Media reporters were recently granted a small window into the normally-secret world of Netflix and Amazon viewership statistics. At a presentation on January 13, 2016, NBC Universal’s President of Research and Media Development Alan Wurtzel revealed some estimated TV ratings for several Netflix original series, including Jessica Jones, as well as Amazon’s Man in the High Castle.

Wurtzel cited data taken by tech firm Symphony Advanced Media (SymphonyAM), which measures audience viewership and has previously released information on how millennials use DVR and Hulu to watch their favorite fall shows. SymphonyAm used audio recognition software installed on mobile phones to capture Netflix and Amazon original series’ soundtracks as they played. In this way, Symphony was able to track the viewership of about 15,000 mobile users from September to December 2015.

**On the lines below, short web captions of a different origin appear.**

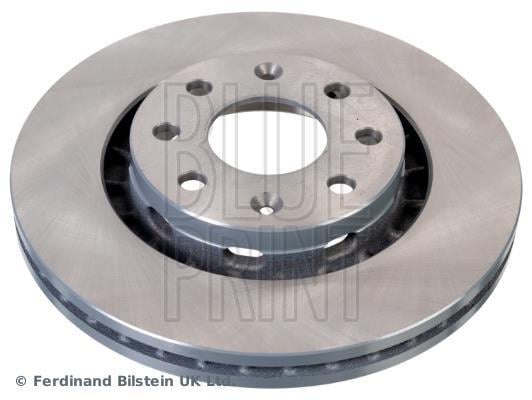 Disques de frein Blue Print ref. ADBP430011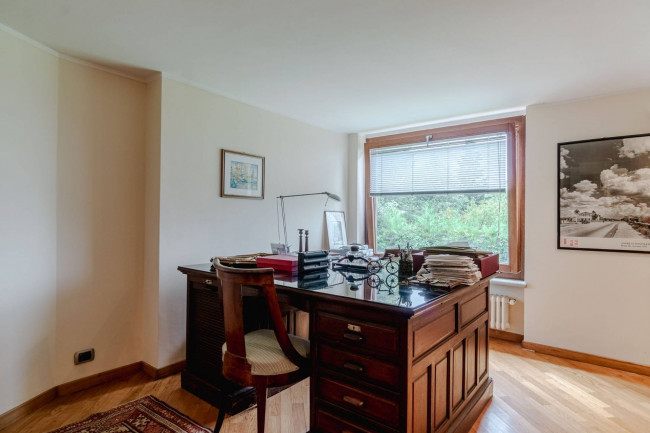 Villa in Vendita a Gassino Torinese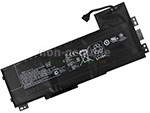Replacement Battery for HP ZBook 15 G4 Mobile Workstation laptop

During these four months, Symphony found a single Jessica Jones episode averaged 4.8 million viewers in the 18-49 demographic. The Aziz Ansari-starrer Master of None came in second at 3.9 million views, with Narcos placing third with 3.2 million views in the same time frame. Amazon’s Man in the High Castle, which is the platform’s most-streamed show of all time, boasted an average of 2.1 million adult viewers from September-December.

“This is in beta,” Wurtzel noted as per a report from The Hollywood Reporter. “I think they’re valid. They give you a sense of what the size is — whether it’s 4.4 million or 4.2 million, I don’t think [it] matters.”

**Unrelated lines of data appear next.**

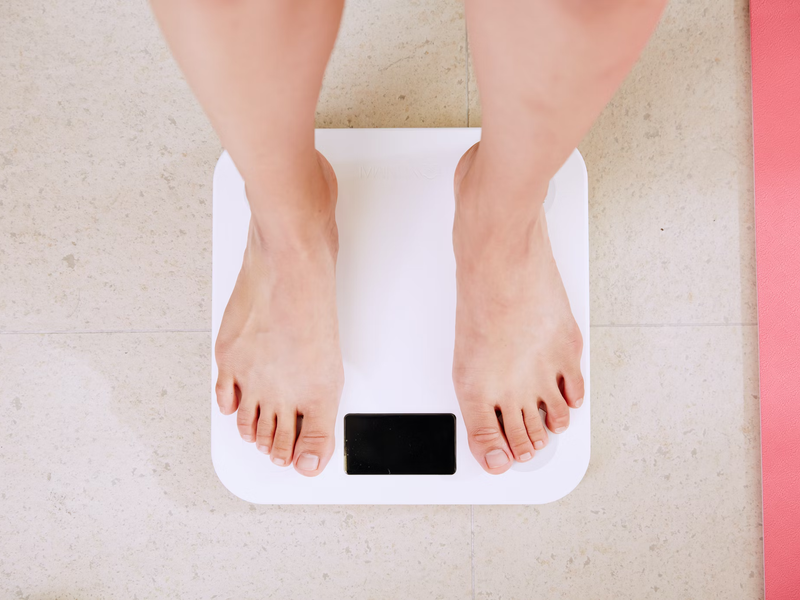 What Hormone Causes Weight Gain?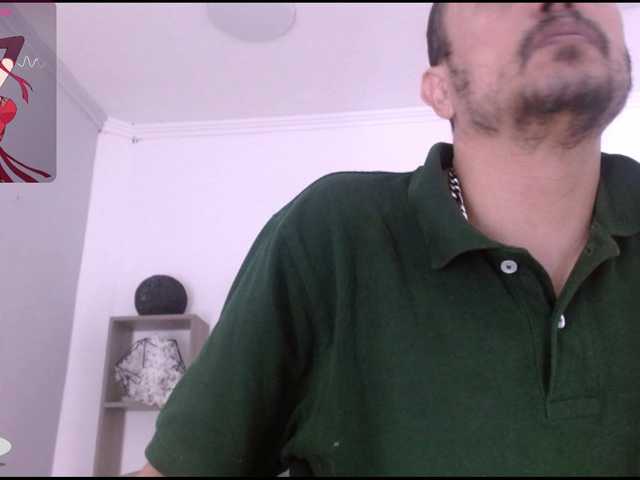 CandyandJhon's BongaCams show and profile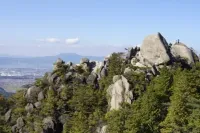 冬こそご当地アルプス！絶景ポイント満載のおすすめ低山縦走ルート10選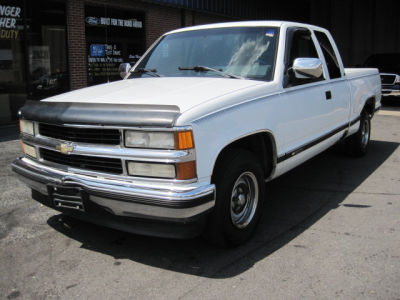 1994 Chevrolet 1500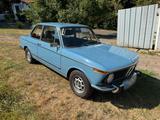 BMW 1602 Oldtimer mit Matching Number - BMW Gebrauchtwagen von 1975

Wurtzel mainly highlighted Netflix and Amazon’s viewership numbers as part of what he called a “Netflix Reality Check” during his presentation. The NBC exec pointed out how reporters and the media must put the impact of streaming providers like Netflix and Amazon into perspective before claiming those providers are significantly hurting, and might even replace, the traditional and broadcast television networks. Those networks routinely pull in millions of views for episodes of their shows, too, and can more accurately track viewership on linear TV thanks to Nielsen (the firm is currently working on tech to track digital audience ratings, as well).

“It’s a very different business model,” Wurtzel said of Netflix. “Their business model is to make you write a check next month. So not every program on Netflix is a broad appeal program …. I don’t believe there’s enough stuff on Netflix that is broad enough and is consistent enough to affect us in a meaningful way on a regular basis.”